Within the plume area, shallow aquifer LNAPL and vadose zone impacts were identified within a specific area in the middle of the HCCA Site. The LNAPL covers an area of approximately 50 x 50 m, varying in apparent thickness from 5-63 cm.

Dominant contaminants of concern in the LNAPL were isopropyl benzene, alpha methyl styrene, cyclohexane and benzene.

Previous treatment trials at HCCA identified that soil vapour extraction (SVE) combined with limited air sparge (AS) was effective at the Site.

The treatment approach used vapour extraction (SVE) wells screened across the water table in combination with limited air sparge (AS) to recover contaminants from the sub-surface, and refrigerated condensation for recovering VOCs from the off-gas stream.

Technology
C3™ refrigerated condensation is a proprietary technology developed by the US-based GEO Environmental Remediation Company (GEO) and supplied in Australia by Environmental Remediation Resources (ERR).

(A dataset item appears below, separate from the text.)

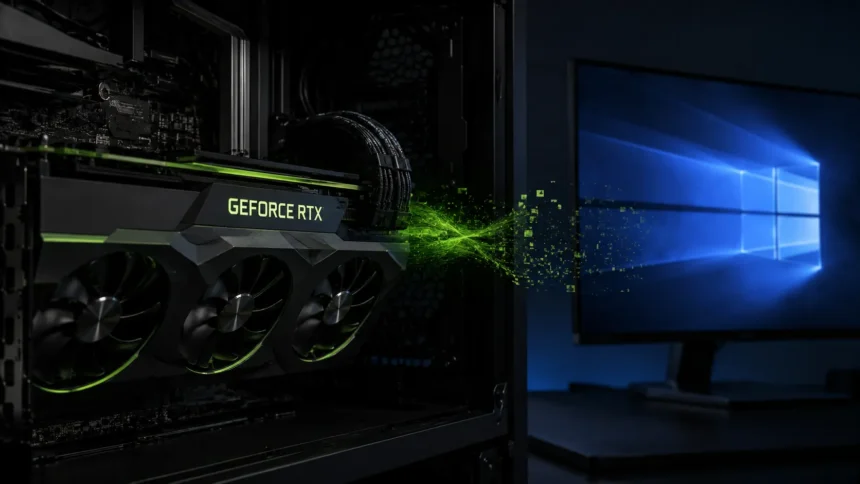 Windows 10 Geforce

The C3™ technology involves three steps to remove VOCs from the vapour phase; compression, cooling and condensation.

A process flow diagram for the C3 technology is shown in Figure 1.

The C3™ process may be summarised in the six steps shown in Figure 2 below.

From the recovery tank, recovered (condensed) VOCs may either be reused on-site, or drummed off for off-site recycling or energy recovery.

Environmental Footprint and Sustainability
Operation of the C3™ technology achieved recovery of more than 5,200 L of recovered (condensed) VOCs over a 12-month treatment period before LNAPL had been removed to the extent practicable, i.e. <5 cm in a single well and 0-0.1 cm LNAPL in other wells.

A 12-month “time-to-complete” for treating a LNAPL source in which 5.2 tonnes of condensed VOCs were recovered via the C3™ refrigerated condensation system compares very effectively with traditional thermal or GAC approaches.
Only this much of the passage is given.